The function of the holin is to create a lesion in the cytoplasmic membrane through which the murein hydrolase passes to gain access to the murein layer.
Lysis of bacterial cell wall is based on the action of two phage encoded enzymes: holins and lysins.
Lysins are phage-encoded murein hydrolases that act on the bacterial host cell wall at the terminal stage of the phage reproduction cycle to release progeny phage.
These enzymes are also known as phage lysozymes, endolysins, or muralytic/mureolytic enzymes. Their action is tightly regulated by holins, by membrane arrest, and by conversion from their inactive state. Their N-terminal catalytic domains are able to target almost every possible bond in the peptidoglycan network, and their corresponding C-terminal cell wall binding domains target the enzymes to their substrate.
Owing to their specificity and high activity, endolysins have been employed for various in vitro and in vivo aims, in food science, in microbial diagnostics, and for treatment of experimental infections.
Clearly, phage lysins represent great tools for use in molecular biology, biotechnology and in medicine, and we are just beginning to tap this potential.There are at least two distinct mechanisms by which phages destroy the cell wall.
Bacteriophages with large genomes use a holin-endolysin system, while bacteriophages with small genomes encode a single lysis protein.

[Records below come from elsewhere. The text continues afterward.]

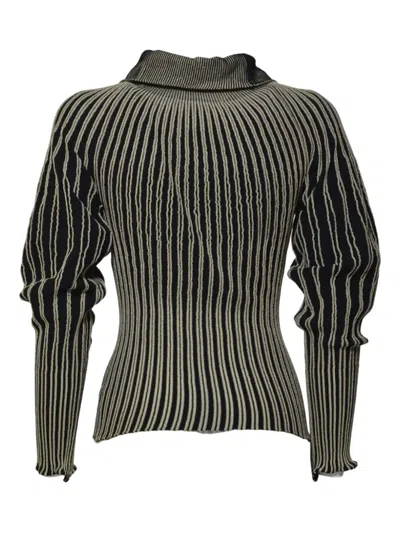Mirco Giovannini Striped Roll-neck Sweater In Black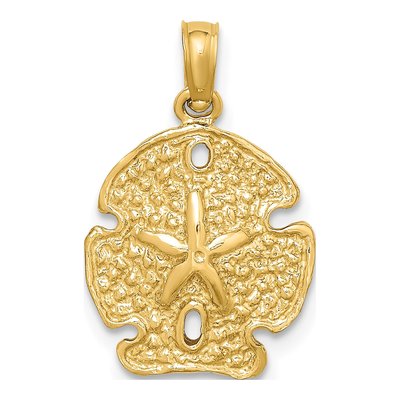 14K Yellow Gold Sand Dollar Pendant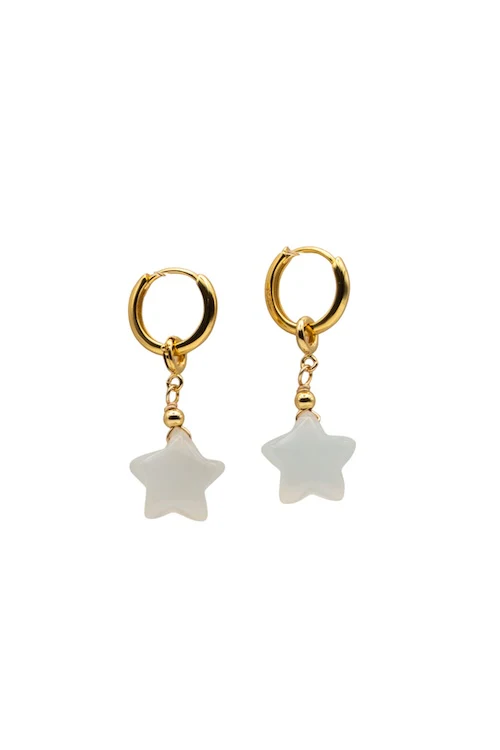 Harvest — Jade Stone Charm Earrings in Star-White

Some single protein lysis systems inhibit cell wall synthesis and are thus the phage analogs of antibiotics like penicillin. Sometimes also phage capsid proteins are responsible for lysis.
In gram-positive bacteria, (endo)lysins can also act as exolysins because the pepticoglycan layer of the bacterial cell wall is, in most cases, accessible from the outside. This is not the case for gram-negative bacteria, in which the presence of the outer membrane effectively prevents access by hydrophilic lytic enzymes.

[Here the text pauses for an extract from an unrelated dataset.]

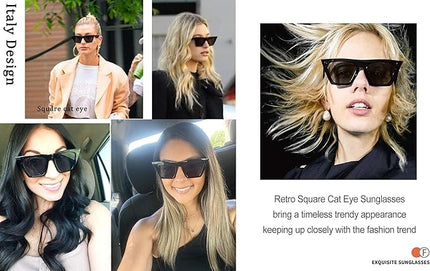 FEISEDY Vintage Square Cat Eye Sunglasses Women Trendy Cateye Sunglasses B2473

However, when the lipopolysaccharide layer is disrupted (by EDTA,detergents, etc.) cells become sensitive to external murein hydrolases.
Lysin domains can be cloned into non-host bacteria and purified after expression and used for different applications.

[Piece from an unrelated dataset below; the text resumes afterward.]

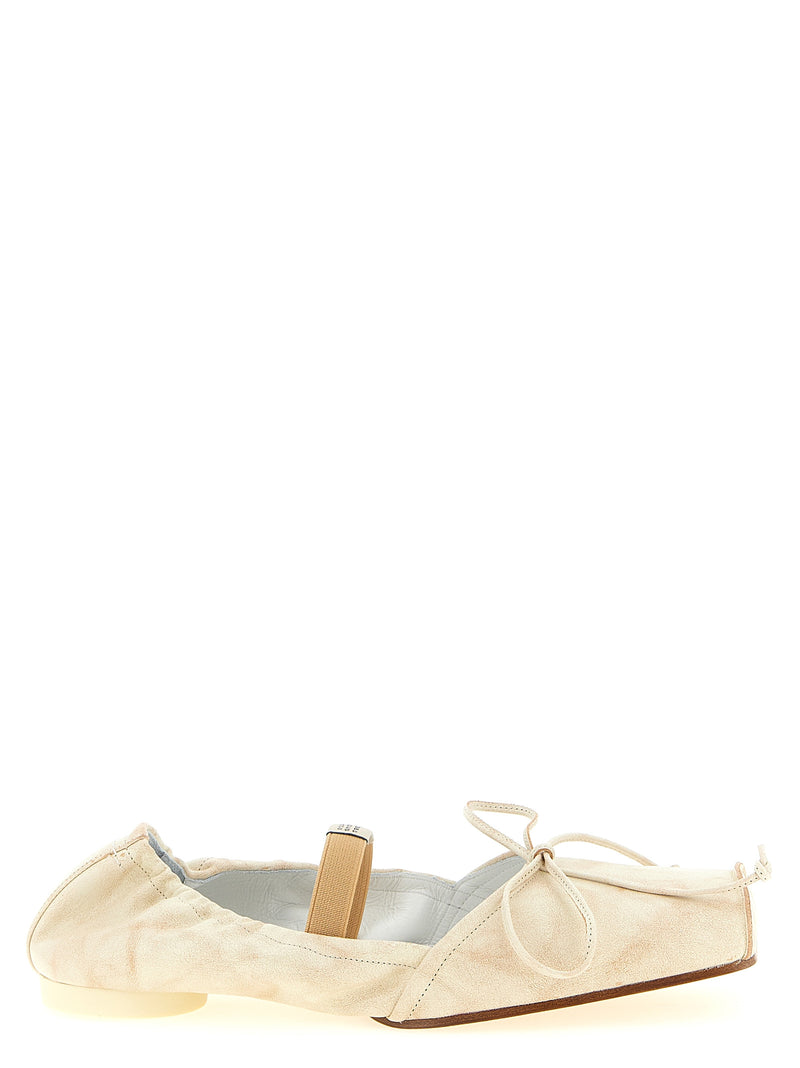 Mm6 Maison Margiela Square Toe Ballet Flats - White Leather - Style 6HB4... | Urbalenti™ NYC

Lysins have now been used successfully in animal models to control pathogenic antibiotic resistant bacteria found on mucosal surfaces and in blood. The advantage over antibiotics are their specificity for the pathogen without disturbing the normal flora, the low chance of bacterial resistance to lysins and their ability to kill colonizing pathogens on mucosal surfaces, capabilities that were previously unavailable. Thus, lysins could be an effective anti-infective in an age of mounting antibiotic resistance.
A potential concern in the use of lysins is the development of neutralizing antibodies. Unlike antibiotics, which are small molecules that are generally not immunogenic, enzymes are proteins that stimulate an immune response when delivered both mucosally or systemically. It was found that highly immune serum slows, but does not block, the killing of bacteria by lysins.
Similar to other proteins that are delivered intravenously to animals and humans, phage enzymes have a short half life (ca. 15 min.). However, the action of lysins for bacteria is so rapid, that this might be sufficient time to observe a therapeutic effect.
Because of the specific action of lysins, they offer a unique possibility for the biological control of unwanted bacteria without having any effect on other organisms. The most obvious approach to the use of lysins for the biocontrol of pathogens in food and feed is to directly add purified enzyme to the food or to the raw product. A more elegant and also less expensive alternative is the production and secretion of specific endolysins by fermenting. In this case the cell wall of the host bacterium must be insensitive to the produced lysin. By contrast, some applications aim to cause self-destruction, which is mediated by cells carrying endolysin genes that are able to degrade their own murein.
As bacteria get resistant to phages quite rapidly, they could also become resistant against lysins. However, repeated exposure of several bacteria grown on agar plates to low concentrations of lysins did not lead to the recovery of resistant strains. The cell wall receptor of lysins of S. pneumoniae is choline, a molecule that is essential for pneumococcal viability.
Although not yet proven, it is possible that during interaction of phage and bacteria over the millennia, to avoid becoming trapped inside the host, the binding domain of the lytic enzymes has evolved to target a unique and essential molecule in the cell wall, making resistance to these enzymes a rare event.